There’s a second remote control with fewer buttons and options, for those who crave even more basic functions, and just want to play a DVD without fear of hitting a button that could wipe out the video of Baby’s first steps.
For the futurist
Then there are those who love the buttons and the remotes, who crave change like it’s candy, and who won’t be satisfied until everything is miniaturized, digitized, and synthesized. For some, “The Jetsons” isn’t a cartoon, it’s a blueprint for the future. COMDEX is for these people as well, satisfying their need to look at a completely outlandish product and say, “It looks so cool…what does it do?”
Olympus FMD-250W Eye-Trek
You’ll be able to spot futurists immediately on the exhibit floor, because they’ll be the ones strapping devices onto their heads. One that’s sure to please is the Olumpus Eye-Trek, a gadget that fits like a pair of glasses over the eyes and allows the user to watch movies, TV, games, or home movies.
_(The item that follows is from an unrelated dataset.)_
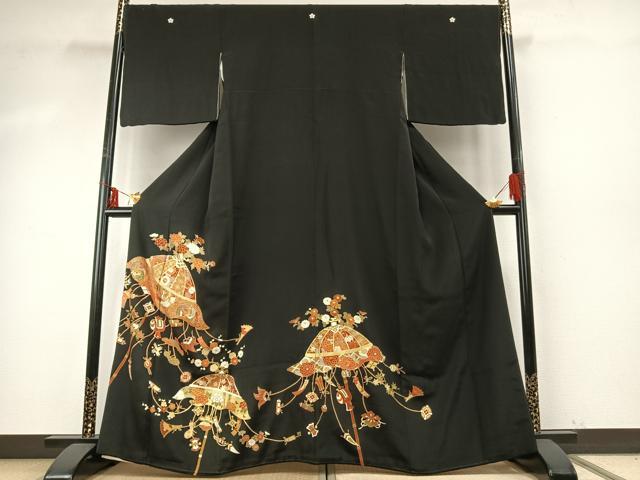 平和屋着物●創業460年・千總　黒留袖　駒刺繍　つるし飾り吉祥文　金糸　金彩　三越扱い　正絹　逸品　AABE5809fy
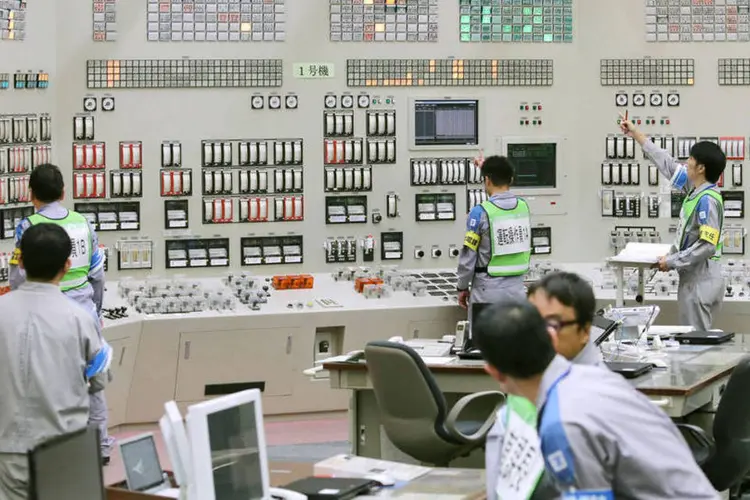 
	Reator nuclear reativado em Sendai, Jap&atilde;o: ap&oacute;s o acidente de Fukushima em 2011, o pa&iacute;s desligou progressivamente todos os reatores nucleares para uma manuten&ccedil;&atilde;o
 (Reuters/ Kyodo)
The image simulates a 62-inch screen from 6 1/2 feet away, and has built-in headphones that provide stereo sound to accompany the visuals.
Where virtual reality headsets in the past were clunky and heavy, causing a gamer to use one hand just to hold the device in place, the Eye-Trek is lightweight and small enough to stash in a carry-on. If, like Judy Jetson, the idea of complete sensory overload is something you find exciting rather than terrifying, welcome to your new way of watching movies.
Antelope Technologies Mobile Computer Core
Price: Not yet available
For years, gadget junkies have been awaiting the headset computer screen, taunted by a commercial in which a young businessman shouts buy and sell orders in an Italian square crowded with pigeons. Although the day hasn’t yet come when people do things this annoying in person, it’s definitely in the works.
Xybernaut is the leader in developing this technology, but it appears that Antelope Technologies could be the tortoise that beats the hare by getting a device into production. Currently under license from IBM, and being manufactured for the industrial and military markets, the Mobile Computer Core isn’t far from coming to a public square near you.
Basically, the computer is a small black box that weighs about 9 ounces and can fit in a very roomy pocket. It can be used like any regular PC by being connected to a monitor, keyboard, and power source. Or, you can go techno by attaching a wearable computing device that fits around the head and displays the screen to one eye. Try not to scare the pigeons.
With delectable items like these, the hall at COMDEX is a gadget junkie’s dream. Cords wend their way beneath tables that are piled with so many shiny objects it leaves the exhibit-goer dizzy with overstimulation. During those first moments at the conference, when each aisle is unexplored and the MP3 players sound out a siren’s call, don’t compare to those staggering life events like a child’s birth or your own wedding. But for gadgetphiles, it can come pretty close.